_INFORMATION SHOWN_:
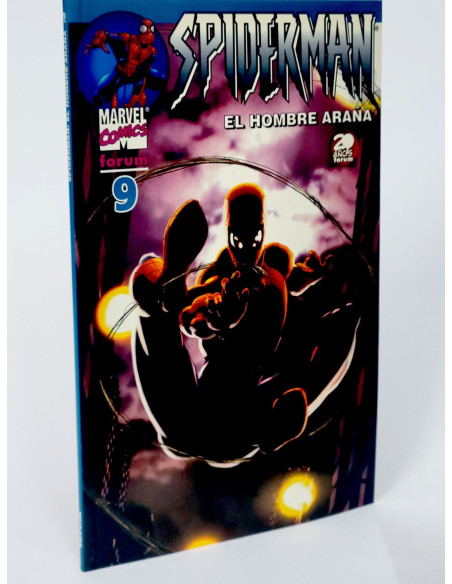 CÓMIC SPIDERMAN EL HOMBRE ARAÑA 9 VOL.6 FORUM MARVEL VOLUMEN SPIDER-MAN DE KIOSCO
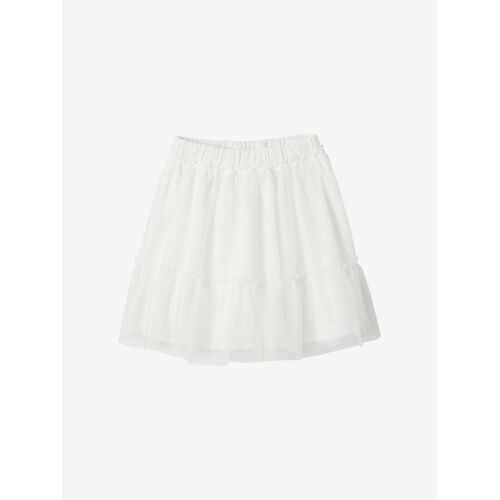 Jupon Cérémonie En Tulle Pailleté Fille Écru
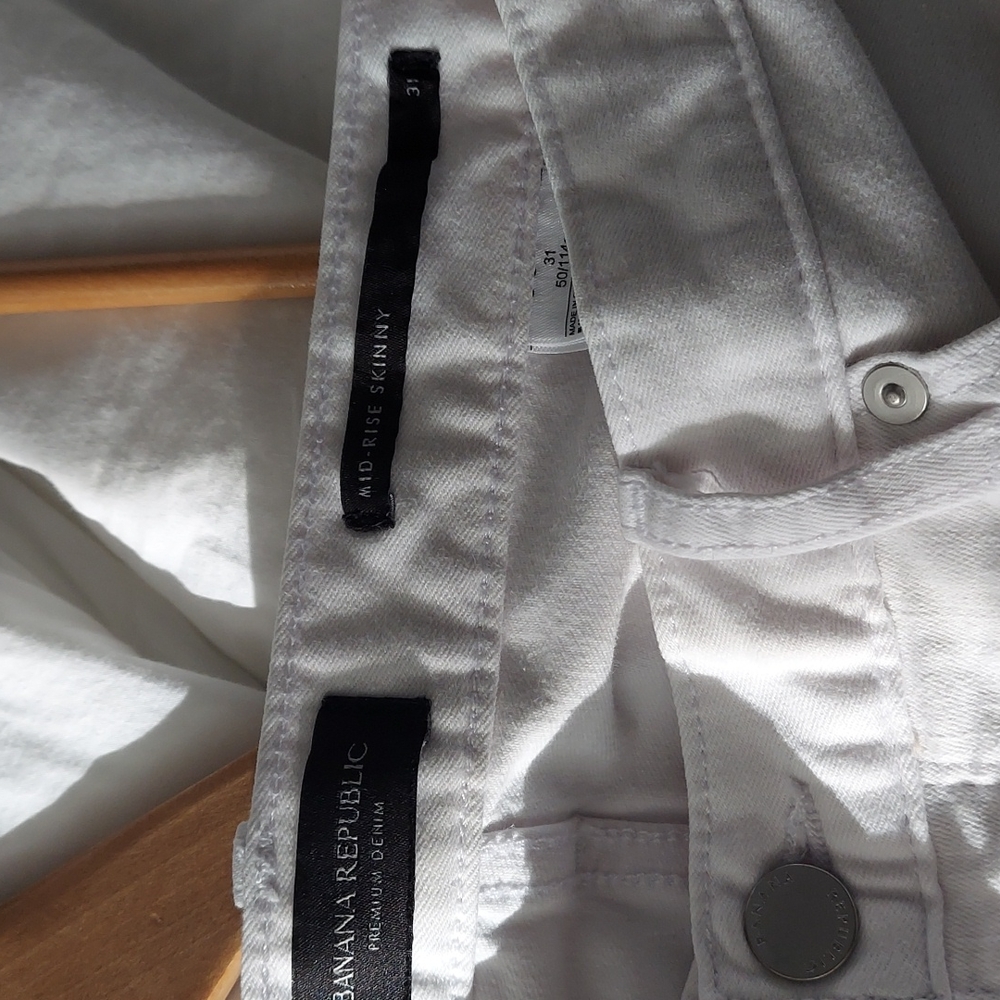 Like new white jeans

_TASK BRIEF_: Images are to be omitted; repeat the remaining data above exactly.

_SOLUTION TO THIS TASK_:
 CÓMIC SPIDERMAN EL HOMBRE ARAÑA 9 VOL.6 FORUM MARVEL VOLUMEN SPIDER-MAN DE KIOSCO
 Jupon Cérémonie En Tulle Pailleté Fille Écru
 Like new white jeans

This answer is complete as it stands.